The Oklahoma Supreme Court also points out that the term "process" includes "the entire range of procedures incident to the litigation process," citing Nienstedt v. Wetzel, 651 P.2d 876 (Ariz.).
The elements of the tort of abuse of process, the factors, and their interaction are quite different from those in malicious prosecution proceedings. It is apparent that we are concerned only with the misuse of "process," and not with the commencement of actions. Thus the purpose and authorized use of process for its accepted purpose, and to pursue it to a conclusion, although carried out with bad intentions, is not an abuse of process.
It is sufficient to refer to the response of the Oklahoma Supreme Court to our certification, and to Meyers v. Ideal Basic Industries, Inc., 940 F.2d 1379 (10th Cir.), and Gore v. Taylor, 792 P.2d 432 (Okla. Ct. App.).
Post-Trial Motions
After a seven-day trial and the jury verdict the defendants moved for a Judgment N.O.V., and also for a new trial (or for a remittitur of damages). The trial judge in his Order which denied the motions necessarily included an examination of the evidence as we must do to see whether the jury could properly have decided as it did. Sandlin v. Texaco, 900 F.2d 1479 (10th Cir.); Brown v. McGraw Edison Co., 736 F.2d 609 (10th Cir.). Also the court considered the challenge as to whether Oklahoma law was followed.
The Oklahoma case law as described above is quite clear that a predicate suit must be "terminated" in favor of the malicious prosecution plaintiff before a malicious prosecution case can be based on it in the ordinary situation. The very good reason stated for the requirement is that, as the Oklahoma Supreme Court said in the response to certification, "[t]o hold differently would be to countenance the possibility of countervailing results arising from the same action." But what should be the conclusion if this possibility cannot exist, thus, if the reason for the rule does not exist? In the case before us there exist some very unusual circumstances relating to this point, and these demonstrate that there can be no "countervailing" action.

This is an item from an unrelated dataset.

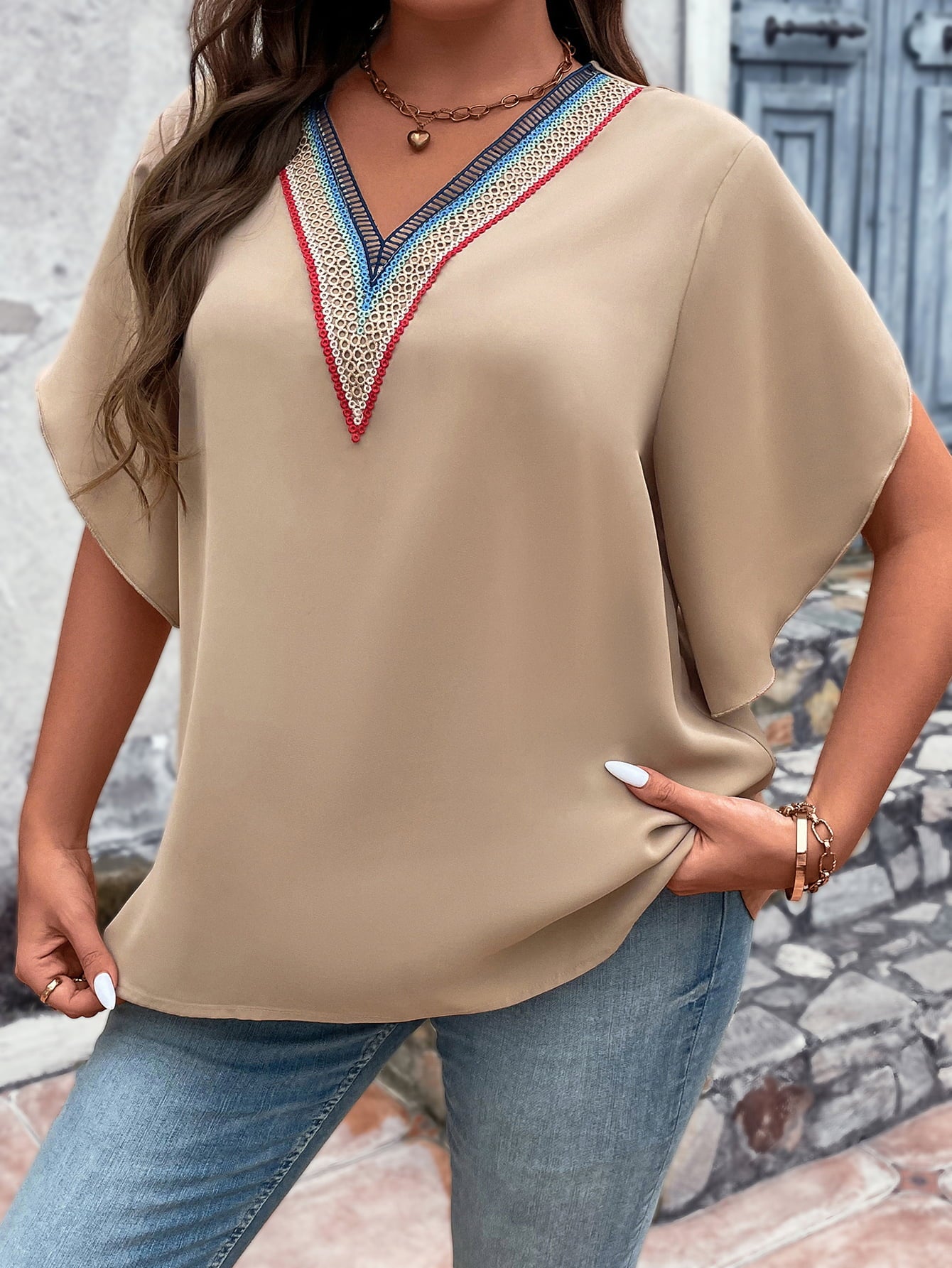 Plus Size V-Neck Flutter Sleeve Blouse - Whimsical Appalachian Boutique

As described, Case No. 2 was an action by Service Business Forms and the Wolfbergs filed November 26, 1986 in the Oklahoma state court as one of the three original cases filed in the first month. It concerned the note of Service given to the trust. This case was pending for about a year and four months and then dismissed without prejudice by Service Business Forms. When the case was so dismissed Service Business Forms' counterclaim had been pending in the United States District Court of Oklahoma in Case No. 5 for about a year. This counterclaim raised the same issues on the note due the trust as were raised in Case No. 2. The counterclaim was filed in No. 5 which was a case filed by the trustees to collect on the note of Service. This issue on the note was decided in favor of the trustees in No. 5. Service Business Forms-Wolfbergs sought certiorari from the United States Supreme Court. This was denied in 1990. This would seem to have precluded a "countervailing" result on the issue in the voluntarily dismissed case. The issue was "concluded" favorably to Greenberg.
Considering dismissals we have also Case No. 3, one of the three original cases. It was filed on December 3, 1986 in the Oklahoma County state court by Mrs. Wolfberg against Greenberg and others. It sought removal of the trustees and $10,000,000 in damages. A preliminary audit developed nothing and the case was dismissed without prejudice the day before a hearing was to be held on the Greenbergs' summary judgment motion directed to the trustee removal issue.
Further, as to the dismissed Case No. 3, the same cause of action was begun by Mrs. Wolfberg in a Kansas state court. Again, this was for the removal of the trustees. This is Case No. 4 filed in September of 1988. This Kansas case was terminated in Greenberg's and the trustees' favor by a judgment on the removal issue. Thus the basic issue in Case No. 3 was raised by the Wolfbergs and litigated to a conclusion albeit in another court in Case No. 4, a conclusion favorable to Greenberg. As a consequence no "countervailing results" could arise from No. 3. The reason for "the Rule," not to consider dismissed actions, does not exist.
It seems reasonable under these very unusual circumstances described above that we must consider both of the cases voluntarily dismissed on the malicious prosecution and the abuse of process issues because there is not prevailing authority not to do so. The blanket exclusion of all cases voluntarily dismissed is not applicable.
As to the timing of the five cases, the record shows that in the last month of 1986 there were three cases pending; during most of 1987 there were four cases pending; during 1988 three cases were pending (except from March to September when two were pending); and in 1989 there were three cases which lasted into the first part of 1990.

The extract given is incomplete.